The drought has been hard on all producers across the Pacific Northwest, but perhaps one of the commodities where it’s most noticeable is wheat. While many winter wheat growers saw enough precipitation late last year and early this year to have a decent crop, the same cannot be said for spring wheat growers. The latest USDA numbers have less than 10% of the national spring wheat crop rated good to excellent, with nearly 1/3 of the crop rated very poor to poor.


Casey Chumrau, Executive Director of the Idaho Wheat Commission said coming off of a 2020 where growers enjoyed almost perfect growing conditions makes this year extremely difficult.

“Up in the Palouse, just incredible yields [last year], that same area this year is now in that stage five drought, and as you come further south and further east, really all of it is looking kind of the same type of conditions unless you have irrigation.”

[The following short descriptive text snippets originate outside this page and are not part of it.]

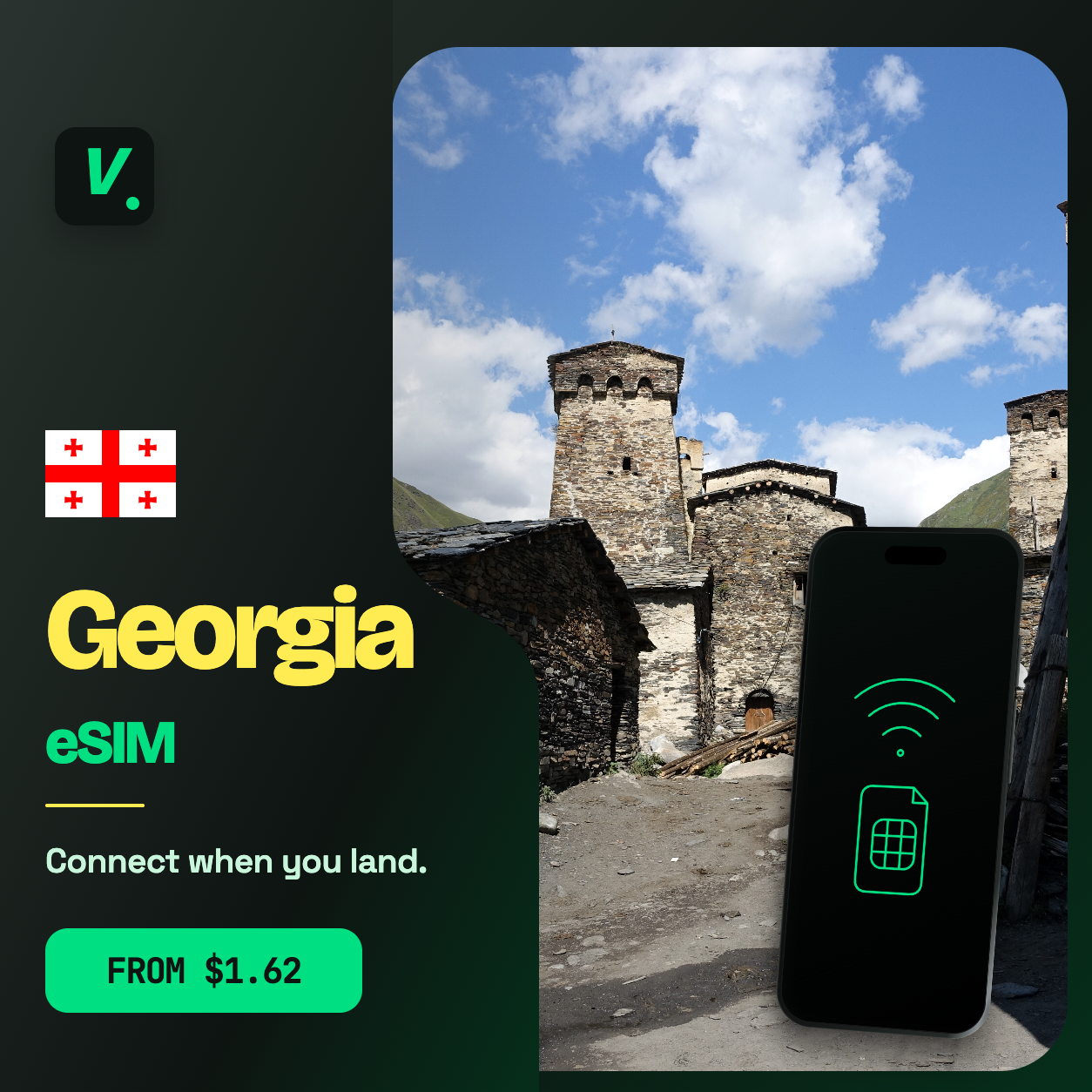 Georgia eSIM – prepaid travel data plans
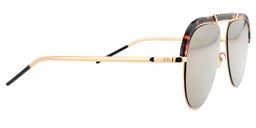 Ava Geometric Gold Sunglasses3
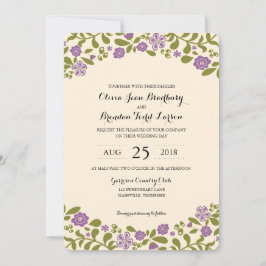 Invitación Flores silvestres | BODA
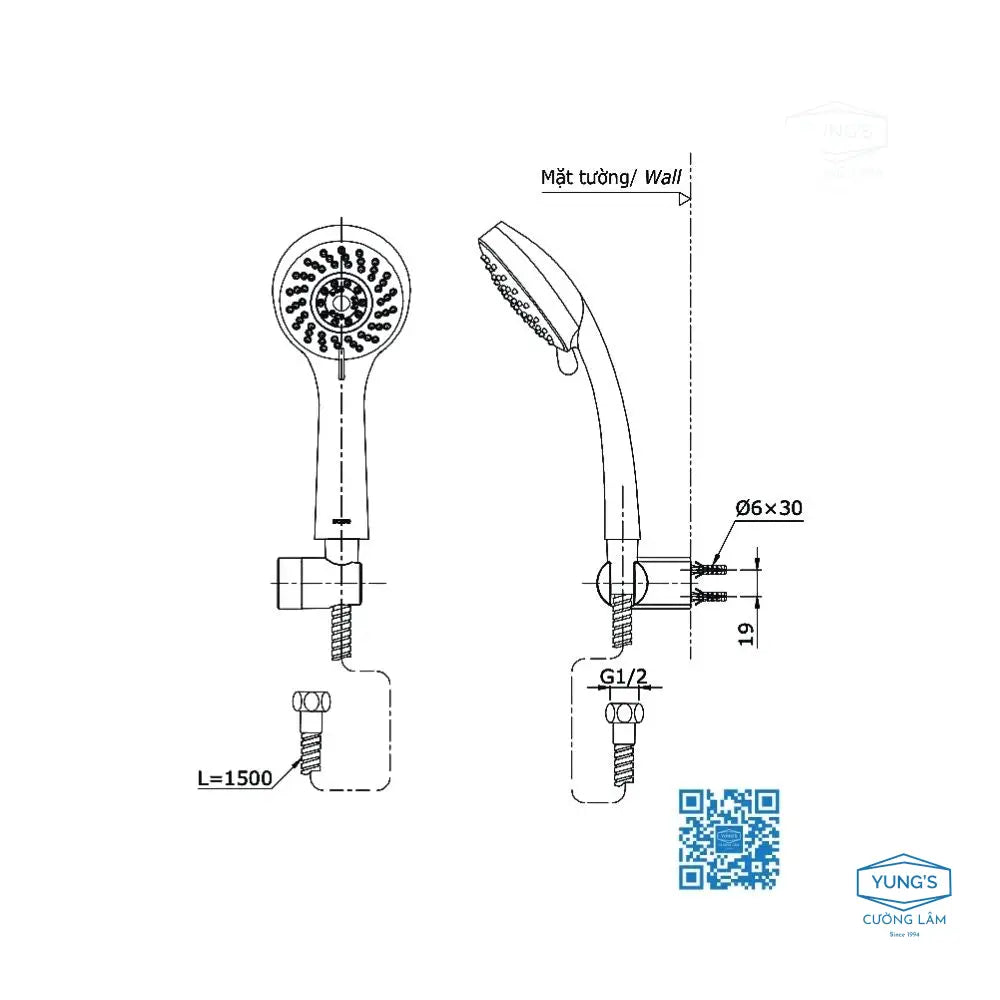 Tbg01302Va Dgh108Zr Sen Tắm Gắn Tường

Chumrau said a drought like this shows the importance of the Wheat Commission, as they try to find any way possible to help growers improve their bottom line.

“We’re continuing to do a lot of good research to help find ways to combat droughts in the future, to bring on great varieties that have drought resistance.  We have good educational programs, good market development programs, we continue to work very hard with our overseas customers to make sure they know exactly what kind of crop is coming, and what adjustments they can make so they will still look to the U.S. to purchase our wheat.”

While yields aren’t great, and there are no sustained rainy patterns on the horizon, Chumrau said farmers remain farmers.

“The overall sentiment is not great, but they are farmers so they are obviously thinking next year is going to be better.”